Le salon, organisé cette année durant les vacances scolaires – d’où, peut-être, des allées clairsemées pour sa première journée – vise notamment les acheteurs étrangers, avec des profils britanniques et américains en vue. 3500 visiteurs ont parcouru les allées du parc des expositions de la Porte de Versailles, dont 17% d’internationaux.
Créée en 2002, la plateforme logistique et commerciale Alliance Loire, qui réunit sept caves coopératives du Val-de-Loire, répond à cet objectif. « Nous avons mis en commun tous nos clients, afin de créer un fonds de commerce global qui a profité à chacune de nos caves. Cela a très bien fonctionné, mais il a fallu unifier tous les systèmes », indique à Business & Marchés Didier Despiau, directeur commercial marché traditionnel. Les 60 appellations sont commercialisées à l’export à hauteur de 20%, 20% sur les marchés traditionnels français, et à 60% auprès de la grande distribution française. Parmi les produits phares, un Crémant de Loire (80% Chardonnay, 20% Chenay), de la maison De Chanceny, était mis en avant.
De belles histoires qui séduisent à l’international
A l’export, raconter de belles histoires est un « plus » pour se démarquer, reconnait l’équipe de 1752 Signature wines, un producteur et négociant qui compte une centaine de références en portefeuille. Lancée à l’automne 2016, sa gamme Madame Veuve Point regroupe 25 vins de Bourgogne produits, après achat des raisins, au sein d’une unité de vinification située à Beaune (Côte-d’Or). Veuve de vigneron en 1903, à l’âge de 26 ans, Jeanne-Marie Point a eu l’occasion, un an plus tard, de présenter ses produits à l’Exposition universelle de Saint-Louis (Etats-Unis), alors dotés d’un Prix d’excellence. La page Facebook associée à la marque remonte à 1904, et compte déjà 2000 amis. Avec la photo de Jeanne-Marie Point située en bonne place sur les étiquettes, la gamme compte s’imposer à l’export et au grand export (Etats-Unis et Asie).

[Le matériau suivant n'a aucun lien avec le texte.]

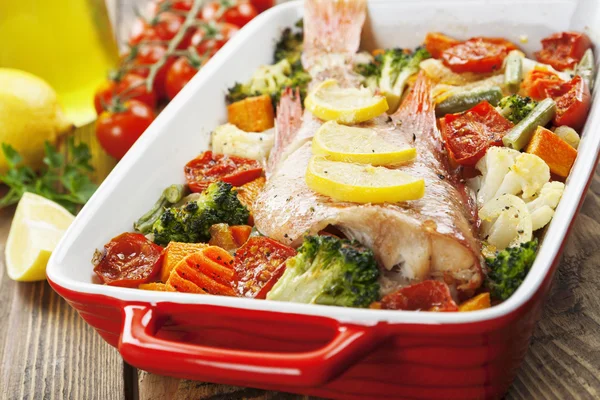 ile sebze kızarmış balık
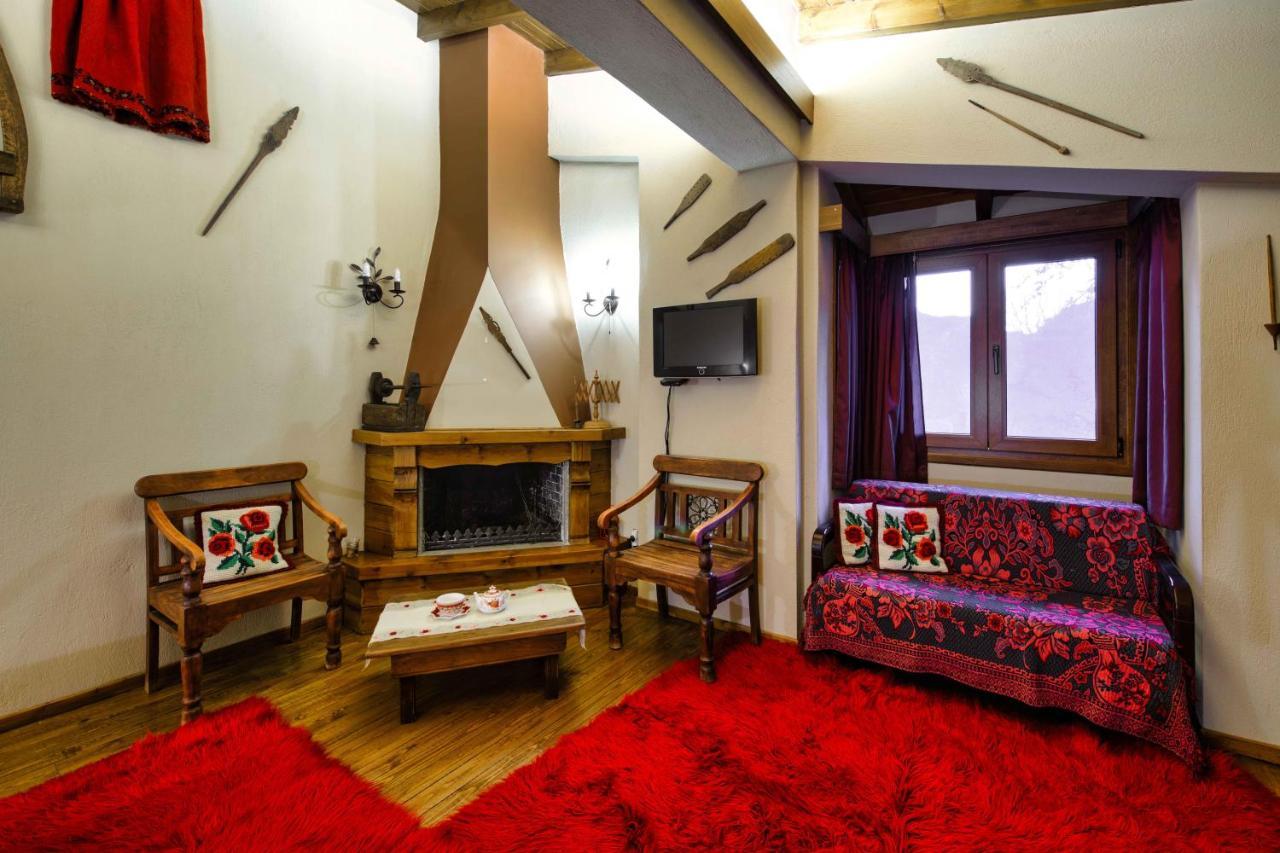 Hotel Teloneio Plaka  Bagian luar foto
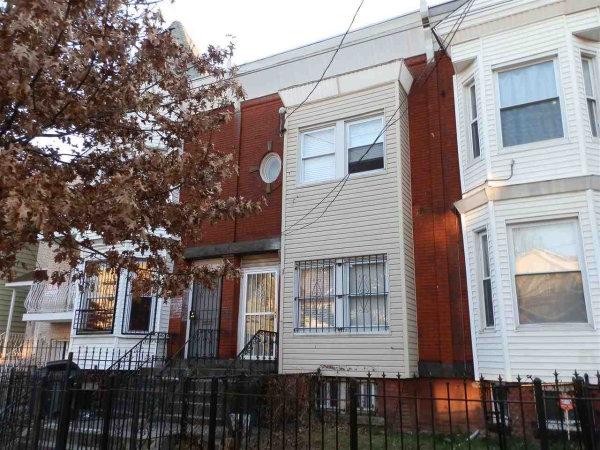 244 6TH AVE WEST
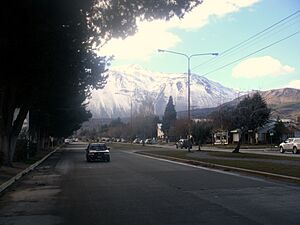 Archivo:Esquel street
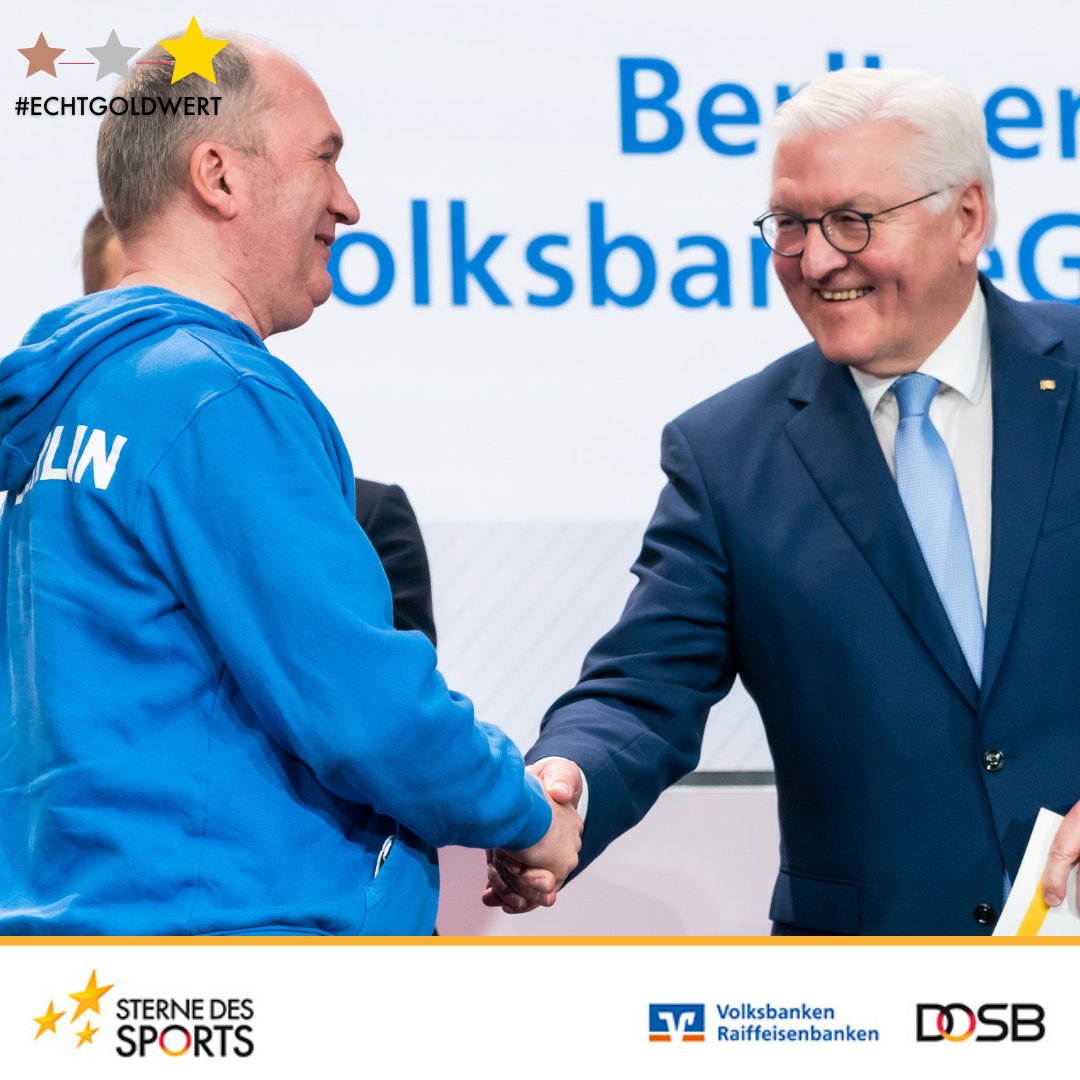 SternedesSports's tweet photo. ⭐ Der #FCInternationaleBerlin gewinnt den „Großen Stern des Sports“ in Gold 2022. 👏 Herzlichen Glückwunsch zum Sieg und zum großartigen Engagement, welches bei der @BeVoBa eingereicht wurde. #SterneDesSports #Sterne2022 #EchtGoldWert #Volksbanken #Raiffeisenbanken @BVRPresse https://t.co/eC8HYD6Dv8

Une histoire d’amitié est quant à elle contée avec passion par Robert Klingenfus, installé à Molsheim (Alsace). La gamme Pur sang de son domaine, immédiatement identifiable à sa bouteille bleue, est liée aux relations privilégiées qu’avaient noué Ettore Bugatti et Charles Klingenfus, son grand-père. Chaque étiquette arbore un modèle de compétition, en hommage à la création d’un véhicule de locomotion, un tricycle à moteur, en 1903. Un gewurztraminer, un Riesling, un Pinot gris, un Pinot noir et un Pinot blanc constituent cette offre « haut de gamme » qui a notamment été dotée, en 2011, d’un coffret métallique tiré en série limitée, à l’instar des bouteilles, produites « seulement durant les bonnes années » et dûment numérotées. Ce récit « plait bien à l’export : Etats-Unis, Chine, Japon… », souligne Robert Klingenfus.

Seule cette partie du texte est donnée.